The Monty Hall problem
This problem, known as the Monty Hall problem, is famous for being so bizarre and counter-intuitive. It is in fact best to switch doors, and this is not hard to prove either. In my opinion, the reason it seems so bizarre the first time one (including me) encounters it is that humans are simply bad at thinking about probability. What follows is essentially how I have justified switching doors to myself over the years.
At the start of the game, you are asked to pick a single door. There is a $1/3$ chance that you have picked correctly, and a $2/3$ chance that you are wrong. This does not change when one of the two doors you did not pick is opened. The second time is that you are choosing between whether your first guess was right (which has probability $1/3$) or wrong (probability $2/3$). Clearly it is more likely that your first guess was wrong, so you switch doors.
This didn't sit well with me when I first heard it. To me, it seemed that the situation of picking between two doors has a certain kind of symmetry-things are either behind one door or the other, with equal probability. Since this is not the case here, I was led to ask where the asymmetry comes from? What causes one door to be more likely to hold the prize than the other? The key is that the host knows which door has the prize, and opens a door that he knows does not have the prize behind it.

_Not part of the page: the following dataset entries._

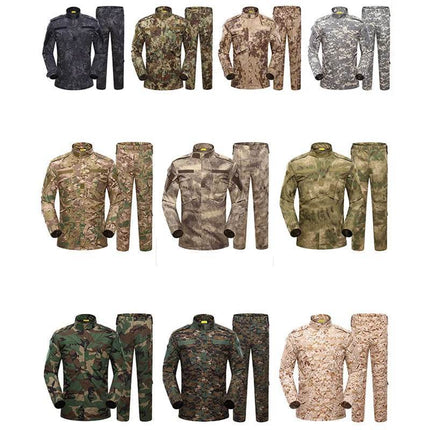 Men Tactical Kryptek Camouflage Airsoft Set Cargo Pants - Cargo Pants - Tacyiarmycal - Mad Fly Essentials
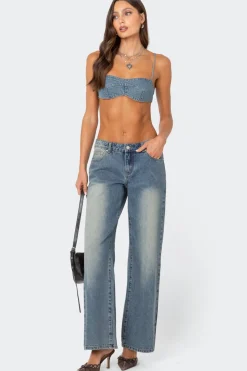 Brandy Denim Bralette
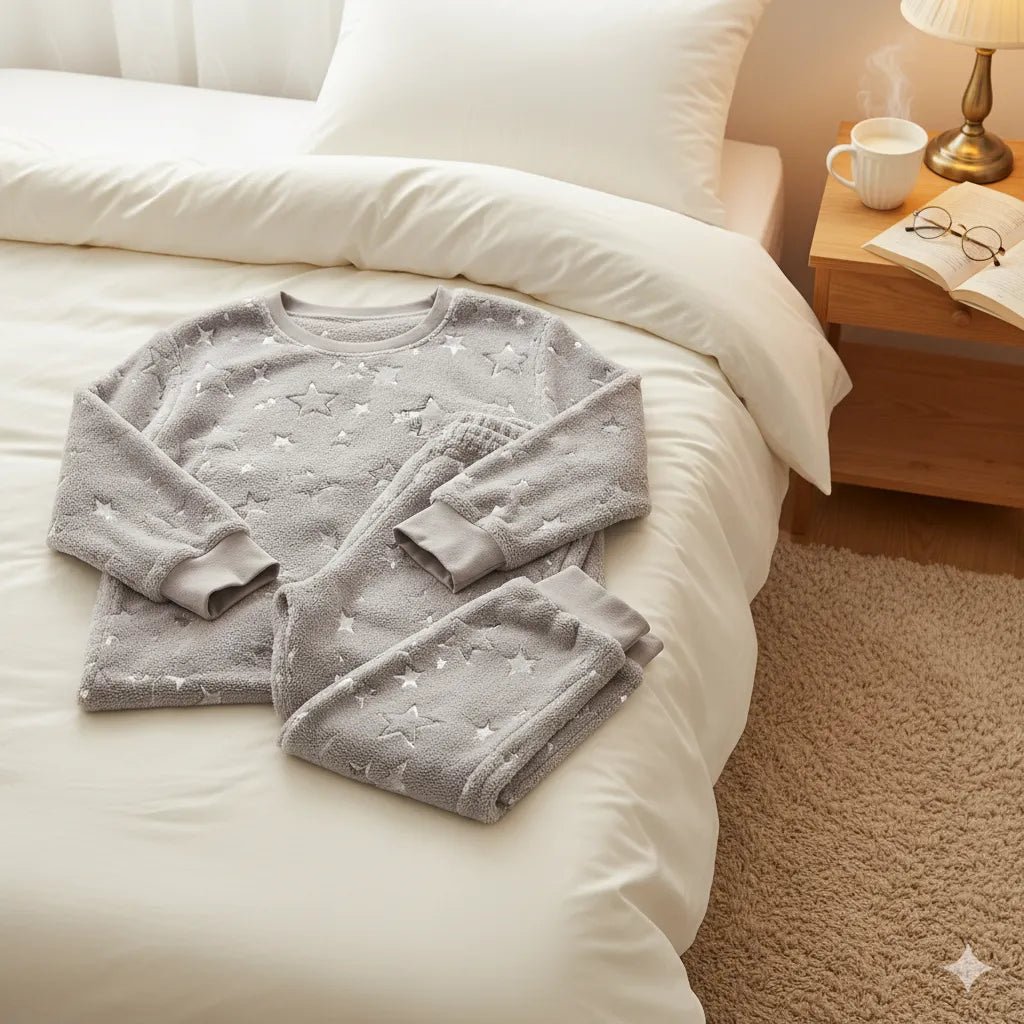 Discover the Cozy Magic of Target Stars Above Thermal Pajama Set - MOSSRIVER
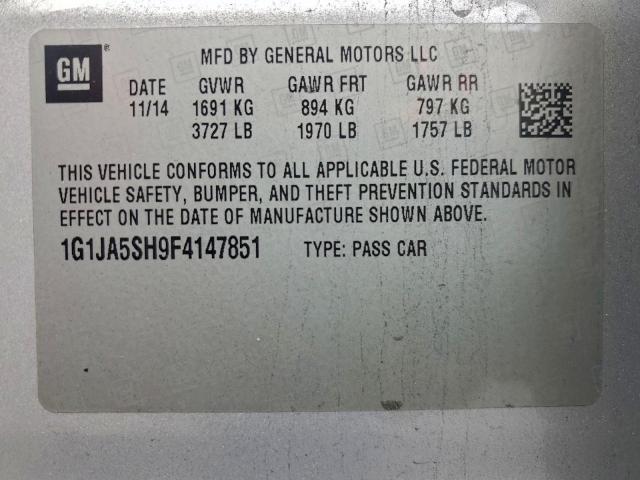 Chevrolet Sonic Ls Image 12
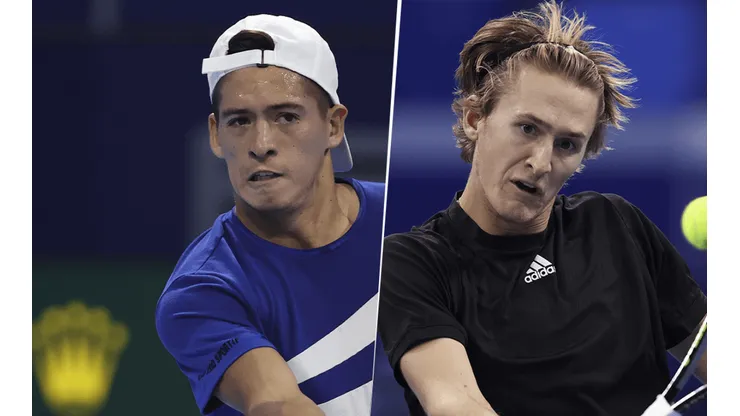 Sebastián Báez vs. Sebastian Korda por el Next Gen ATP Finals (Foto: Getty Images).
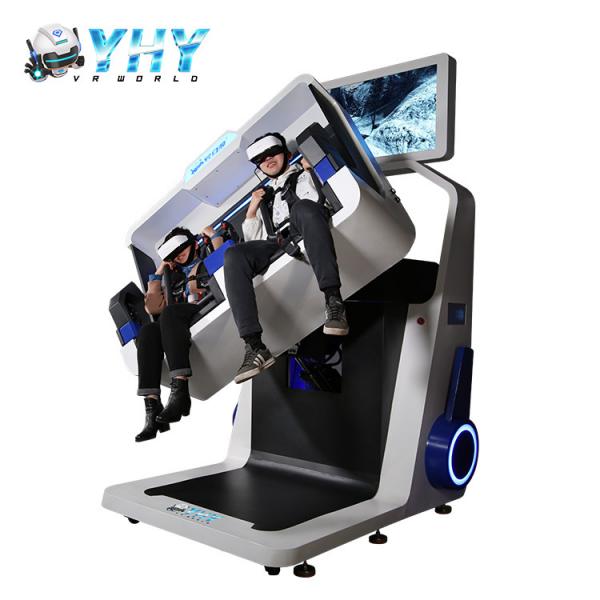 Quality Theme Park 9D VR Simulator Double Seats 360 Degree Virtual Reality Equipment for sale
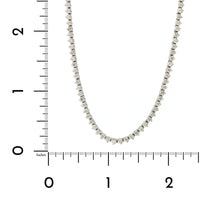 18K White Gold Diamond Tennis Necklace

To clarify this, say you choose door $A$, and are then asked to choose between doors $A$ and $B$ (no doors have been opened yet). There is no advantage to switching in this situation. Say you are asked to choose between $A$ and $C$; again, there is no advantage in switching. However, what if you are asked to choose between a) the prize behind door $A$ and b) the better of the two prizes behind door $B$ and $C$. Clearly, in this case it is in your advantage to switch. But this is exactly the same problem as the one you've been confronted with! Why? Precisely because the host always opens (hence gets rid of) the door that you did not pick which has the worse prize behind it. This is what I mean when I say that the asymmetry in the situation comes from the knowledge of the host.
To understand why your odds increase by changing door, let us take an extreme example first. Say there are $10000$ doors. Behind one of them is a car and behind the rest are donkeys. Now, the odds of choosing a car is $1\over10000$ and the odds of choosing a donkey are $9999\over10000$. Say you pick a random door, which we call X for now. According to the rules of the game, the game show host now opens all the doors except for two, one of which contains the car. You now have the option to switch. Since the probability for not choosing the car initially was $9999\over10000$ it is very likely you didn't choose the car. So assuming now that door X is a goat and you switch you get the car. This means that as long as you pick the goat on your first try you will always get the car.
If we return to the original problem where there are only 3 doors, we see that the exact same logic applies. The probability that you choose a goat on your first try is $2\over3$, while choosing a car is $1\over3$. If you choose a goat on your first try and switch you will get a car and if you choose the car on your first try and switch, you will get a goat. Thus, the probability that you will get a car, if you switch is $2\over3$ (which is more than the initial $1\over3$).
Here is an equivalent formulation of the Monty Hall problem, which folks on twitter seem to like.
If you solve this problem, you have solved the original. To see the connection, you can imagine boxers hidden behind the doors.
There are three boxers. Two of the boxers are evenly matched (i.e. 50-50, no draws!); the other boxer will beat either them, always.
You blindly guess that Boxer A is the best and let the other two fight.
Boxer B beats Boxer C.
Do you want to stick with Boxer A in a match-up with Boxer B, or do you want to switch?
Intuitively witnessing Boxer B beating Boxer C gives you information about Boxer B. The advantage of switching no longer feels "paradoxical."
Details: If Boxer B is best, then the probability of witnessing Boxer B beat Boxer C is equal to 1. By contrast, if the initially chosen Boxer A is best, then this probability is equal to 1/2 (B&C are evenly matched with no draws). This means that the event you witnessed is twice as likely if Boxer B were best than if Boxer A were best (i.e. 1 vs. 1/2). This is the information you have received. Bayes rule now tells us that the initial 1-to-1 odds in favor of Boxer B in a match-up against Boxer A must double, i.e. there are now 2-to-1 odds in favor of Boxer B being the best boxer. This means there are now 2 chances in favor of Boxer B for every 1 chance in favor of Boxer A, i.e. 2 chances out of 3 total chances. This is equivalent to saying that the probability is now 2/3 that Boxer B is the best boxer. You should switch.
Notes:
This formulation has the advantage of providing clear intuition for the solution to the problem as presented, which is equivalent to the famous version originally presented by Marilyn vos Savant.
By contrast, the current top response since 2012 on math.stackexchange correctly solves a different problem, in particular the prior probability of winning if you commit to switching regardless of which door Monty opens. What that response is missing is an argument connecting the posterior (conditional) probability to the prior. For a justification, see my comment there, or you can read this paper, page 151--153.
Update: I googled and it appears that the first to point out a framing like this were Burns & Wieth, Journal of Experimental Psychology--General 2004.